[Scraped caption text data]
_ _ _ _

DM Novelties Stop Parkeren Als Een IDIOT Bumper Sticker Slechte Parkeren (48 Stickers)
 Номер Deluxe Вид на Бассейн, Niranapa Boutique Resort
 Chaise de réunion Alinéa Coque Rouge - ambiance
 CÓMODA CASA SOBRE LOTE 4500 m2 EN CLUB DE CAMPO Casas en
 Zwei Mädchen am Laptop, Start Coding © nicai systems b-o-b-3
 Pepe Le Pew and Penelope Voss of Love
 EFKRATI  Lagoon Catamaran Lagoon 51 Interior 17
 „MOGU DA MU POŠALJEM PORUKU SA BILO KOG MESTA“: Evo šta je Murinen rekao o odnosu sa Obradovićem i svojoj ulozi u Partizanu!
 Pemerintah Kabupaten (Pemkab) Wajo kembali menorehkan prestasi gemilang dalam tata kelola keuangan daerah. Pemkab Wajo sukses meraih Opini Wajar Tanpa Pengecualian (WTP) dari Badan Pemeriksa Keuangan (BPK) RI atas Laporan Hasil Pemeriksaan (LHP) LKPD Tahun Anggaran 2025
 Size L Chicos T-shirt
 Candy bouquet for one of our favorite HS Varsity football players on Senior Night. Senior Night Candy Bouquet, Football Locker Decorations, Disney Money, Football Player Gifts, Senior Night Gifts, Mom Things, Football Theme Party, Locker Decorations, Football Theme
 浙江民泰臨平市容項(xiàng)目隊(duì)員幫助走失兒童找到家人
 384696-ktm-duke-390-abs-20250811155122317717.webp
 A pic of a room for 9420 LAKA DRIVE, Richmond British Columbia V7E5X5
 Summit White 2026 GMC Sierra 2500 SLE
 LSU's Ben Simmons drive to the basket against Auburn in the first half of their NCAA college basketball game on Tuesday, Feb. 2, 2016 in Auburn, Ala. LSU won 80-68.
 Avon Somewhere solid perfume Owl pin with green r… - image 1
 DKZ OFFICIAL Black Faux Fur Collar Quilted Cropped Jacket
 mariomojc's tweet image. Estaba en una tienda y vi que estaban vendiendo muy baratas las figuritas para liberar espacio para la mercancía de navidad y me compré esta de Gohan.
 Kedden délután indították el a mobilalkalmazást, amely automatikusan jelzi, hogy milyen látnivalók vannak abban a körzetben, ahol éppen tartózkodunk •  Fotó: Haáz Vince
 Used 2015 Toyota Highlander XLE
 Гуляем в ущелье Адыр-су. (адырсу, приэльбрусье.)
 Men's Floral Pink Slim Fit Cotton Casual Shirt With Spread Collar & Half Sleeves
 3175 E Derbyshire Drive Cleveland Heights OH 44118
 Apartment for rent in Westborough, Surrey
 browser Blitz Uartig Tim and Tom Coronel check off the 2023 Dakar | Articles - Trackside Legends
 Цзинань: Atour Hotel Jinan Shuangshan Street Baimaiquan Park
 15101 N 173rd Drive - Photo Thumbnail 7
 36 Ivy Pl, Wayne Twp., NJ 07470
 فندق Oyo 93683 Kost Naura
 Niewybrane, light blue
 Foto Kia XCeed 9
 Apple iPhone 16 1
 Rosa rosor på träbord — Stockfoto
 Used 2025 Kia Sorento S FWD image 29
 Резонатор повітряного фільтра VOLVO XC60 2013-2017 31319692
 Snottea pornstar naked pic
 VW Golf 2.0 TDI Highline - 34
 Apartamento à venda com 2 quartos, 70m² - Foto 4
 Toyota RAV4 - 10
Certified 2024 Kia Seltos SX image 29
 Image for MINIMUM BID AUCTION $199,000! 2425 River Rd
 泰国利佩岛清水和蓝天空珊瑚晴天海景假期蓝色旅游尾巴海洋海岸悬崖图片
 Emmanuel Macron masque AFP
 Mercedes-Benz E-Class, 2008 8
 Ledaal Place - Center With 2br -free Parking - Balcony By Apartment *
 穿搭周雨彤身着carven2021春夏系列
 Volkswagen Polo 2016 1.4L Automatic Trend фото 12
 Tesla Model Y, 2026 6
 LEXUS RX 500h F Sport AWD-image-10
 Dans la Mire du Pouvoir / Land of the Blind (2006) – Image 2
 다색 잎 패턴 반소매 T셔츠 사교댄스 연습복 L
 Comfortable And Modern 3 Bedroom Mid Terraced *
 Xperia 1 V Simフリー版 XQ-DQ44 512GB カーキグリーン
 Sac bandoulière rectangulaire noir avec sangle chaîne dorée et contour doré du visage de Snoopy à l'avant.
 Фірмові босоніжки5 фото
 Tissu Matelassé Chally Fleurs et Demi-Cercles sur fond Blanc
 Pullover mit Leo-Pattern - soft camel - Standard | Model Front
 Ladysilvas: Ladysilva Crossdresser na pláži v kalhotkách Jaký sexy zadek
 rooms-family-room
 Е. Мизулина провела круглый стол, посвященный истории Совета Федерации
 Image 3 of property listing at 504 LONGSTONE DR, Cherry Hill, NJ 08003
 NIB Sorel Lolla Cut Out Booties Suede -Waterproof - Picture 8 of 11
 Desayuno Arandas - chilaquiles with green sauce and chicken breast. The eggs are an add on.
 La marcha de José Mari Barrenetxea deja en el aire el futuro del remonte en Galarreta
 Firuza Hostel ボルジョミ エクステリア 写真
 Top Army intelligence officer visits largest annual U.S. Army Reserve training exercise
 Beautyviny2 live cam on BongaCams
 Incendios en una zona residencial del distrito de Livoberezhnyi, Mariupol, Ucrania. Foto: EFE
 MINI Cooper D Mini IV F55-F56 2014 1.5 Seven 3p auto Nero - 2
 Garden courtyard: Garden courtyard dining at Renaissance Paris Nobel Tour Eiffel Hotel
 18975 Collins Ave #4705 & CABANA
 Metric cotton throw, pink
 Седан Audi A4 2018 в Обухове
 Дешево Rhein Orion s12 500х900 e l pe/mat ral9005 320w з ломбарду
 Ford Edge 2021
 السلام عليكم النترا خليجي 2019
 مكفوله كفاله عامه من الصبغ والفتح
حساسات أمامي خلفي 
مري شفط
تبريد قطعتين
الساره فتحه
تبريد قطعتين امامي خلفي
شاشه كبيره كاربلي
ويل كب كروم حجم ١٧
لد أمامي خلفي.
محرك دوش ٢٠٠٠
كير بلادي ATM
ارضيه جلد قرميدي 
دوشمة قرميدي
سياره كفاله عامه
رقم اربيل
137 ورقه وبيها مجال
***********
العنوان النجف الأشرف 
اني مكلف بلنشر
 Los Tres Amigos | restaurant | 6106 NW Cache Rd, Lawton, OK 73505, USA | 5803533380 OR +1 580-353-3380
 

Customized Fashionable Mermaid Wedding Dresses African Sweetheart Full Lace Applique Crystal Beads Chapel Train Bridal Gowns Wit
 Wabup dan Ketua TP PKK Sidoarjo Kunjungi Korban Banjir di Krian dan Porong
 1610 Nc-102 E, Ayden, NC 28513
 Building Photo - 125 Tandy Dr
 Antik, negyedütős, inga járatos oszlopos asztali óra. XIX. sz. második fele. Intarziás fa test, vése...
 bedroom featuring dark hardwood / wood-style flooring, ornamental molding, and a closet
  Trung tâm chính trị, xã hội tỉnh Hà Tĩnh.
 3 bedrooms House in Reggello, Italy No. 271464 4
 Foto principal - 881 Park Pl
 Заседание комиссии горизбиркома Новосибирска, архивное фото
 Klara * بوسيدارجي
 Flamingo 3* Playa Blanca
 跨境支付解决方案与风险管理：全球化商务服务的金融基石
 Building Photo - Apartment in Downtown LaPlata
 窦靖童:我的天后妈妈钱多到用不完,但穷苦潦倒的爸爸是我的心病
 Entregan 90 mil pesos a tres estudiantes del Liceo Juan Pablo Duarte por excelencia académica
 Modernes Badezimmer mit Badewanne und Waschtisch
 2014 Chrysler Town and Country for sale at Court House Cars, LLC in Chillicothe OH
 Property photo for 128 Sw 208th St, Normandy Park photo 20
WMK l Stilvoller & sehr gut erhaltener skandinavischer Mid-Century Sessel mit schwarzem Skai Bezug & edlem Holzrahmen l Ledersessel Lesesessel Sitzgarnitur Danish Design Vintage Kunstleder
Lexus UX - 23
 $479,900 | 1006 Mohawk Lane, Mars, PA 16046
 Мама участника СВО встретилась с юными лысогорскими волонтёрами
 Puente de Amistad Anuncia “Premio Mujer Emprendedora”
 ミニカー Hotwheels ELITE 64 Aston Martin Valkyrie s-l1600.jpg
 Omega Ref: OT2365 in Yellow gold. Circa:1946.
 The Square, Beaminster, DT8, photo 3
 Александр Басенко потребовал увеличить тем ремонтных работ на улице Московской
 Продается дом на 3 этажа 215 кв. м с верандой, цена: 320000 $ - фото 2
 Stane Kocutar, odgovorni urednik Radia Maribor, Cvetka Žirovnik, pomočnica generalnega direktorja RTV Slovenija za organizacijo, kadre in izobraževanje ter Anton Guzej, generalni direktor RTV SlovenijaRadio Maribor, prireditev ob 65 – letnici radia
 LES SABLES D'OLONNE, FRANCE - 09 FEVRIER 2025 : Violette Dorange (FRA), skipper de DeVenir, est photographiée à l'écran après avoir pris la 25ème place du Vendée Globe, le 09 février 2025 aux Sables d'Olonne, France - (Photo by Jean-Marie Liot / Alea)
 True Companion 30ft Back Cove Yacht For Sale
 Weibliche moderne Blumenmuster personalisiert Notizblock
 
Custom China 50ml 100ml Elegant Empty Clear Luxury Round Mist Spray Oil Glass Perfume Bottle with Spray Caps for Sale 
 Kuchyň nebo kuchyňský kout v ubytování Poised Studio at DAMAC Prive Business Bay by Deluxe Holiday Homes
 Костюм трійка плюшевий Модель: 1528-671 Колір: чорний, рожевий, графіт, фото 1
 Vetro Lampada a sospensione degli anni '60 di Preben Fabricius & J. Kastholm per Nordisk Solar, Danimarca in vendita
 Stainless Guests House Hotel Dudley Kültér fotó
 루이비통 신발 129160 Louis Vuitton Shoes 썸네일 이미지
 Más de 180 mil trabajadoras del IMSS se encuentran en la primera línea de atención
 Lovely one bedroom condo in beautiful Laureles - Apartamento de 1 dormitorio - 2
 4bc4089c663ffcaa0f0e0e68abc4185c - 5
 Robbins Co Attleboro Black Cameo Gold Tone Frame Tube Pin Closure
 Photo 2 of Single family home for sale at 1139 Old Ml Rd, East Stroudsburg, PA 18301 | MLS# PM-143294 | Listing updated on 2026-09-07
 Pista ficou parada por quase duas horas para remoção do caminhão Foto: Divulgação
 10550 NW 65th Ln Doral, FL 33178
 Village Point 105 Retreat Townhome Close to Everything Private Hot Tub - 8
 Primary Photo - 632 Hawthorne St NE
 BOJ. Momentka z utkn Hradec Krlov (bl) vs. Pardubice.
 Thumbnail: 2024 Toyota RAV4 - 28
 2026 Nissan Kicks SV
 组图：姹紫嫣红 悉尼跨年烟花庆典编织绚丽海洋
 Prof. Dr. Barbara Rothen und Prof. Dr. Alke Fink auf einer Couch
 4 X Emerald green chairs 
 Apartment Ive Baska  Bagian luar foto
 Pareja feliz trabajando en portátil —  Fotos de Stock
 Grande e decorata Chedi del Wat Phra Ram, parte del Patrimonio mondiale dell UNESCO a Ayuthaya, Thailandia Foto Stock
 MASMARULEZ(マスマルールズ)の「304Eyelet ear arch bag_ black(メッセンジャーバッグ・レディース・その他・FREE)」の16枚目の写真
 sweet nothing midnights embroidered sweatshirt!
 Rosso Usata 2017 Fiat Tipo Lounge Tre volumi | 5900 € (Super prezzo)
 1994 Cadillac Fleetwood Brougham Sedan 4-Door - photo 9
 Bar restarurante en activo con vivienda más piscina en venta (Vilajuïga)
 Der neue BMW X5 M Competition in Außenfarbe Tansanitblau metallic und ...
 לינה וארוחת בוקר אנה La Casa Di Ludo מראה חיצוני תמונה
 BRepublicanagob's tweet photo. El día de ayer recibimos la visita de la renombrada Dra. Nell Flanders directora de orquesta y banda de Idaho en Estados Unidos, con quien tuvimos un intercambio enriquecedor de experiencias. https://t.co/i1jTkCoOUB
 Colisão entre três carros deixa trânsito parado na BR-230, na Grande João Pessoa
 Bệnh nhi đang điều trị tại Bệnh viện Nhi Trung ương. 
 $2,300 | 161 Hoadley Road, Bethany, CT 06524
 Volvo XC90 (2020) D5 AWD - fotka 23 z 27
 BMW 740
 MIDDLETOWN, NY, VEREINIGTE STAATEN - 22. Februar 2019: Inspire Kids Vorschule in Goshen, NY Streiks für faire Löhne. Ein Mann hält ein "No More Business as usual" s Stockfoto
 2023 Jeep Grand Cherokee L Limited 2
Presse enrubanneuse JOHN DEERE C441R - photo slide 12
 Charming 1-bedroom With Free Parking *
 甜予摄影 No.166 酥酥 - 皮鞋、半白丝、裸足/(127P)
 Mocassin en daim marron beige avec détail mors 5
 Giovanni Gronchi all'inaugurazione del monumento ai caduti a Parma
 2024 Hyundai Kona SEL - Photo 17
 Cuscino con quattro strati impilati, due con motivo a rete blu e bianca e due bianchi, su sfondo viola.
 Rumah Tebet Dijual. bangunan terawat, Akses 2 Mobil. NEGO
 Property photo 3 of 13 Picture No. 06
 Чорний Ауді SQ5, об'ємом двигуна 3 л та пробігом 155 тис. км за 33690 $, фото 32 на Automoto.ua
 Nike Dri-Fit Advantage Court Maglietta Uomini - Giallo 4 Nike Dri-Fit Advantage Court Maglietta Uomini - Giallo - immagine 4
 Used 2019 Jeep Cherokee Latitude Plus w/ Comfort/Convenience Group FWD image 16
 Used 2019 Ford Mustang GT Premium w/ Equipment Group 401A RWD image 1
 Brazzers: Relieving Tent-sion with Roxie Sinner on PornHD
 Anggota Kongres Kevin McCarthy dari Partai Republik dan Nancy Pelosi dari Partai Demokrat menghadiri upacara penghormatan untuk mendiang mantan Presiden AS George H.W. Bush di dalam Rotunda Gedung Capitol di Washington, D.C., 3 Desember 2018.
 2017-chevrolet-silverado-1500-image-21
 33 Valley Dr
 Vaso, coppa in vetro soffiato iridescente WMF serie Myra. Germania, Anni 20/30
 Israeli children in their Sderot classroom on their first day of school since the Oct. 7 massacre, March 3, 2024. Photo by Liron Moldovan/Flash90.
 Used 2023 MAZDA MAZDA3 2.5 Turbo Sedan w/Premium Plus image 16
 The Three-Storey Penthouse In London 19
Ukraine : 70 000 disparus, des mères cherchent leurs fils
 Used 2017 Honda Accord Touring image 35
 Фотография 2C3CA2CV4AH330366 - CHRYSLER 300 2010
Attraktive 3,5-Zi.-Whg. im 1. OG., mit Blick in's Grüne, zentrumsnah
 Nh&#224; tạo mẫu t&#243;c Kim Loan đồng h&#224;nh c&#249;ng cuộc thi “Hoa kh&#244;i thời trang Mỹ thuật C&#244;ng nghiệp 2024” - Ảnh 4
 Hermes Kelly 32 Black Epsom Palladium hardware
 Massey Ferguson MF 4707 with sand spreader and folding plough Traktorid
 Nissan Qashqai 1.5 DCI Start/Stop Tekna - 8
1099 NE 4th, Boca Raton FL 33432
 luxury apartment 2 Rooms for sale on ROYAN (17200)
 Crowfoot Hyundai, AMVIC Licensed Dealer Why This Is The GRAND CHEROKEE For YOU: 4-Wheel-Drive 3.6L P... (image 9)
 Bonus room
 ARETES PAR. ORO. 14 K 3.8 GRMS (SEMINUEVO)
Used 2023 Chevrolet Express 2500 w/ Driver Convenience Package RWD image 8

_ _ _ _

Nothing but the lines from the top of the entries above through the line with "Zwei Mädchen am" should be set down, each exactly as written.

DM Novelties Stop Parkeren Als Een IDIOT Bumper Sticker Slechte Parkeren (48 Stickers)
 Номер Deluxe Вид на Бассейн, Niranapa Boutique Resort
 Chaise de réunion Alinéa Coque Rouge - ambiance
 CÓMODA CASA SOBRE LOTE 4500 m2 EN CLUB DE CAMPO Casas en
 Zwei Mädchen am Laptop, Start Coding © nicai systems b-o-b-3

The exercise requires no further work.